* [Exercise goal] Among the entries below, only the lines from the one with "Extreme flight man" through the one with "A functional galley-style" are to be retyped, exactly and without pictures.

* [Data provided]

══════

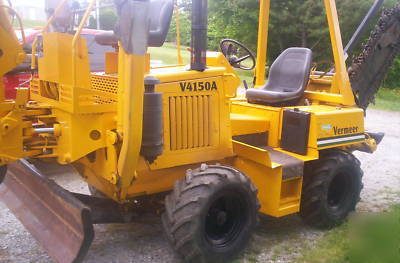 Riding trencher/backhoe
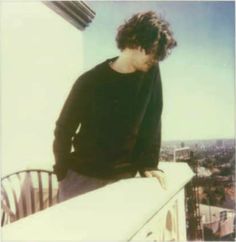 a young man standing on top of a building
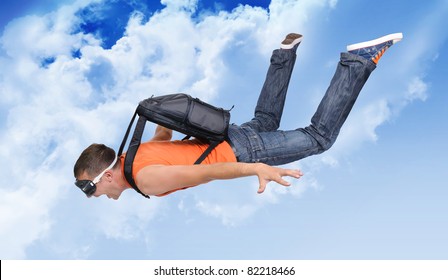 Extreme flight man with a parachute in the clouds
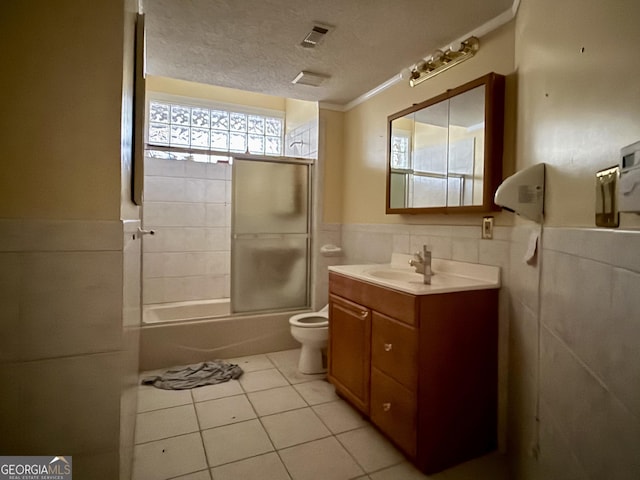 full bathroom with tile patterned floors, toilet, a textured ceiling, tile walls, and enclosed tub / shower combo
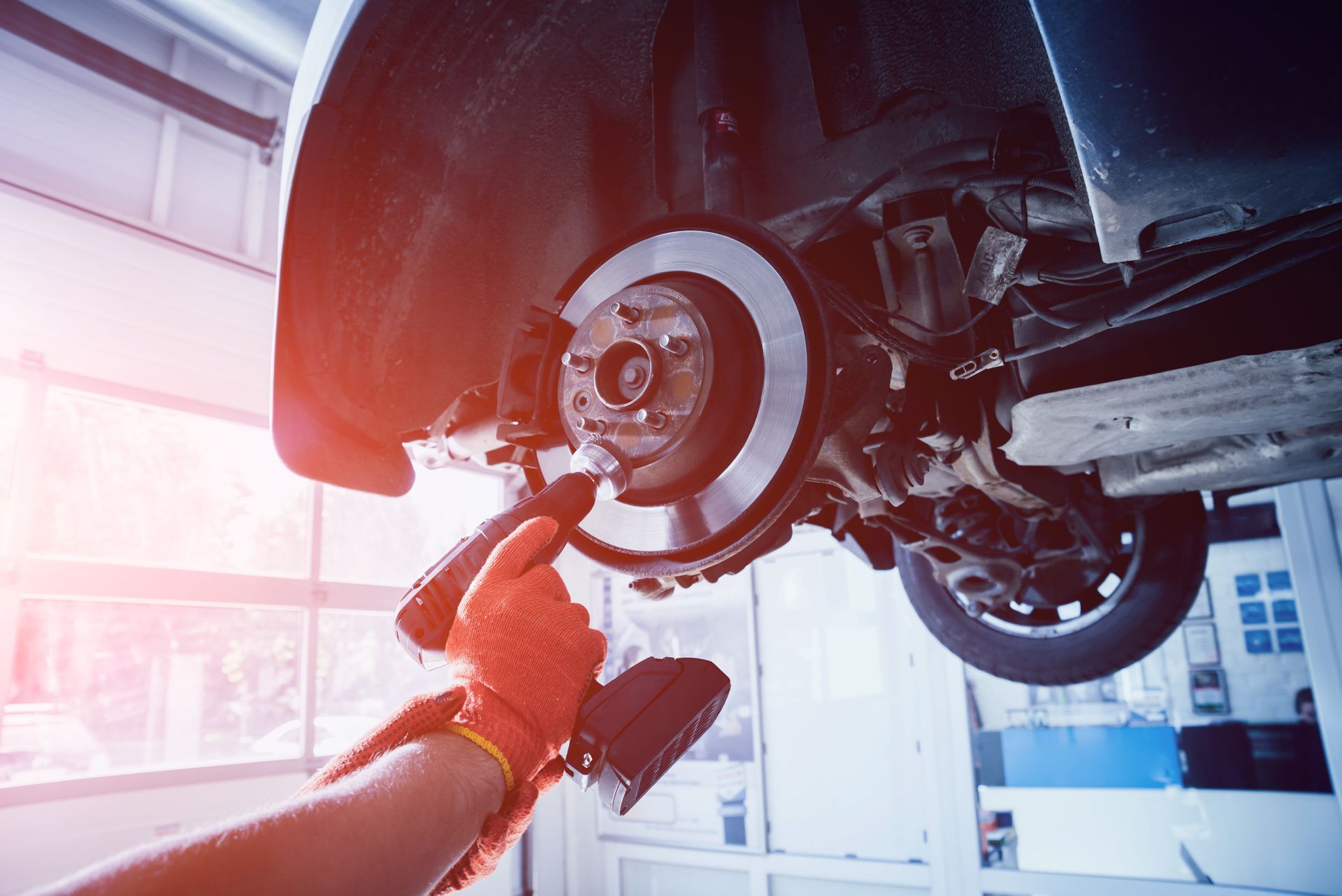 Mechanic using a power tool to work on a car’s exposed brake disc on a lift.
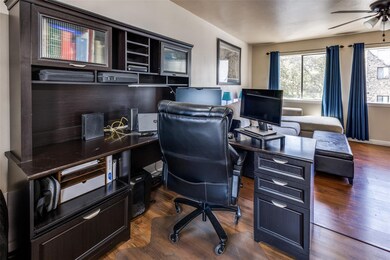 Home office featuring a ceiling fan and dark wood-style floors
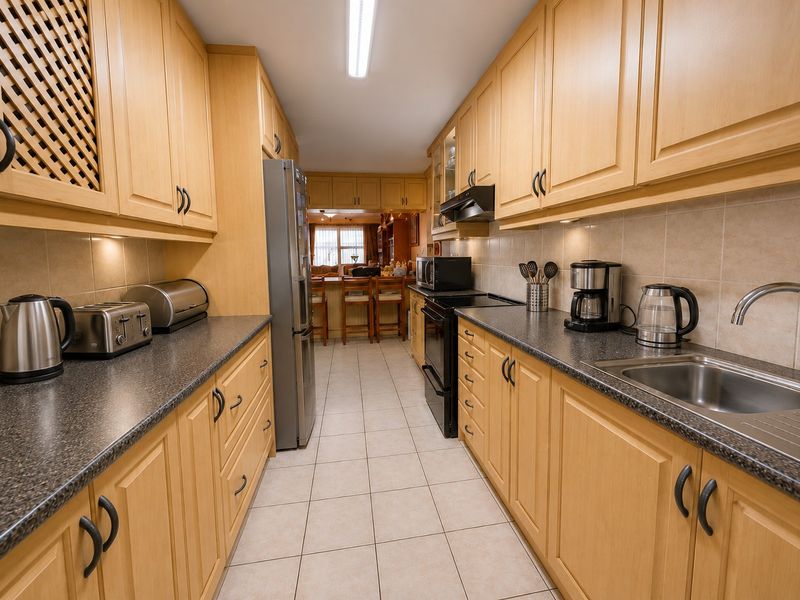 A functional galley-style kitchen featuring light wood cabinetry, dark laminate countertops, tiled flooring, and integrated appliances, leading into an open-plan living area.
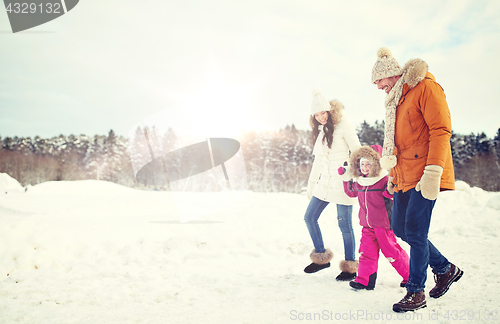 Image of happy family in winter clothes walking outdoors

══════

* [Solution for this task]
 Extreme flight man with a parachute in the clouds
 full bathroom with tile patterned floors, toilet, a textured ceiling, tile walls, and enclosed tub / shower combo
 Mechanic using a power tool to work on a car’s exposed brake disc on a lift.
 Home office featuring a ceiling fan and dark wood-style floors
 A functional galley-style kitchen featuring light wood cabinetry, dark laminate countertops, tiled flooring, and integrated appliances, leading into an open-plan living area.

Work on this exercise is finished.